Two in five working mothers think being a parent is holding them back from promotion at work, a new study suggests.

Around a third of mothers said people who work the longest hours are the most respected by senior leaders in their organisation, according to the research by Working Families.

Nearly half of working parents disagreed that the senior leaders in their organisation are positive role models for achieving a good work-life balance. 

In more positive news, 41 per cent of said the pandemic has had a positive impact on workplace culture at their organisation 

Half of parents said open conversations about wellbeing and mental health are more accepted at work now than they were before the pandemic.

However, more a third (36 per cent) of working parents, and almost half (48 per cent) of carers say now that lockdown is over, they are concerned taking time off for caring needs will be frowned upon at work.

Jane van Zyl, chief executive of Working Families, said:While increasingly high numbers of managers and leaders recognise the benefits of family-friendly ways of working, there are still pockets of resistance across sectors.

“But the experience of the pandemic has speeded up a shift in how many of us want to work, and those resisting positive change will find it comes back to bite them: 85 per cent of working parents told us that they would prioritise work life balance when looking for their next role.

“Faced with a choice between an employer who puts effort into employee wellbeing and one that celebrates unhealthy working practices, I think we can all guess where the best and brightest talent is going to go.”

Maike Currie, investment director at Fidelity International, said: “The decision to start a family is often a happy one, but not without its considerations.

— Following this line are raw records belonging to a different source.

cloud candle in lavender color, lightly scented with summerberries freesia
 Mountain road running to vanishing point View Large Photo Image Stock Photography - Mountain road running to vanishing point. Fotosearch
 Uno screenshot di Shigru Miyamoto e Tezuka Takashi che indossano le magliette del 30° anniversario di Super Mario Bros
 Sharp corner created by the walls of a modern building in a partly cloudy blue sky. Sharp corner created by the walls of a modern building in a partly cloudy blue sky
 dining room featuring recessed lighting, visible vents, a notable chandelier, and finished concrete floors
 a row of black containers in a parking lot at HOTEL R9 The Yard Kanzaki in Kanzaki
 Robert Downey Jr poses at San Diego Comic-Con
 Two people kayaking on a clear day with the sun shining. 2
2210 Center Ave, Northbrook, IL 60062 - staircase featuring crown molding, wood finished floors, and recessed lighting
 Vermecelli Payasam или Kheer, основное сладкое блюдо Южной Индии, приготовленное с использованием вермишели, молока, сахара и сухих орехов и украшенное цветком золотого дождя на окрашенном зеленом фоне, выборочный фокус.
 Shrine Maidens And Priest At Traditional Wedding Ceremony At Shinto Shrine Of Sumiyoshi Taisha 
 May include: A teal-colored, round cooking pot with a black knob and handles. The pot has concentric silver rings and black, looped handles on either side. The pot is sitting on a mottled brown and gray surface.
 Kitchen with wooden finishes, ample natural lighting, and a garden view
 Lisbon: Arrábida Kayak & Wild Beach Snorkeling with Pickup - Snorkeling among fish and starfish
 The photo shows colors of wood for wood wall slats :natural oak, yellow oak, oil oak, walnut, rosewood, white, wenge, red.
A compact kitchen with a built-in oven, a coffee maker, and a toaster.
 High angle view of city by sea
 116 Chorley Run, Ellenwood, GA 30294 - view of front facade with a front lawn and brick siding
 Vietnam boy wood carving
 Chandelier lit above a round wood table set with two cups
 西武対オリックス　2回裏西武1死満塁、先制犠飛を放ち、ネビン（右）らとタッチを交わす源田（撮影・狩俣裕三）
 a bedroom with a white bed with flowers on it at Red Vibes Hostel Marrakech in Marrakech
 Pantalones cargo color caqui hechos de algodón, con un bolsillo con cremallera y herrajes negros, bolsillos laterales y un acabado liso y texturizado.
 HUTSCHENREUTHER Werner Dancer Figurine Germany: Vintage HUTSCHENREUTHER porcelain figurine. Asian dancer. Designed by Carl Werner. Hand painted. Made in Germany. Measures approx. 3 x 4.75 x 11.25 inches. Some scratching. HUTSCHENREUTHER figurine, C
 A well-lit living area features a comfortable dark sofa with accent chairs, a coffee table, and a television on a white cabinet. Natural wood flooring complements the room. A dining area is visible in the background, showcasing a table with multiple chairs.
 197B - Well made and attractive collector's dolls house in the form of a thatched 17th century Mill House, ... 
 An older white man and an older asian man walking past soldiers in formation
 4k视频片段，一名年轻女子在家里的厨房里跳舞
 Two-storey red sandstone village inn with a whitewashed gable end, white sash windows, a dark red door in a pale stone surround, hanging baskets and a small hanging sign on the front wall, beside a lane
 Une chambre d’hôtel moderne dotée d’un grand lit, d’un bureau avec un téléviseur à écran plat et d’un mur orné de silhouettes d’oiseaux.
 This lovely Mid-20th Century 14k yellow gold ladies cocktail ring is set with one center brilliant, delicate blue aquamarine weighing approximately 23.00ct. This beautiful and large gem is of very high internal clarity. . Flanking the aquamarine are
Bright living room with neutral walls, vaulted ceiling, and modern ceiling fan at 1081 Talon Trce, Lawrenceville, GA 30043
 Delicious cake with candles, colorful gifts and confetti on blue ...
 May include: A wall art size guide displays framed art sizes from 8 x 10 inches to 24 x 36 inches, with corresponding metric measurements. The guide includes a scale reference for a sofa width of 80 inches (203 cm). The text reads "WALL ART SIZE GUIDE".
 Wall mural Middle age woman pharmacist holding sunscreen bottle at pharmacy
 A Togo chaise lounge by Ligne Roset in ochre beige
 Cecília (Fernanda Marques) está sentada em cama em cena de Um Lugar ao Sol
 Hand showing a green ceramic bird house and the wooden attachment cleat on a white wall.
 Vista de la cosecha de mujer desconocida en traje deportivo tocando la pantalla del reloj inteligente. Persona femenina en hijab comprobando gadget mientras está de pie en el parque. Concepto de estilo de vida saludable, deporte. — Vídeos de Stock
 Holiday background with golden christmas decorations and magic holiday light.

The cost of raising a child is not insignificant, and the financial price often paid by mothers – with many women not only risking losing out on potential promotions or pay rises in their careers, but also risking a smaller pension pot in the future.

“The motherhood penalty is very real, with the time taken to have and look after family meaning women are left with fewer long term savings for retirement. This is then exacerbated by other roadblocks including the cost of childcare and the potential loss of future income if careers are held back.

“We need to ensure that all parents, feel able to have both a family and a fulfilling career if they wish. It is the duty of all employers to create an inclusive culture where all can thrive no matter their life choices.”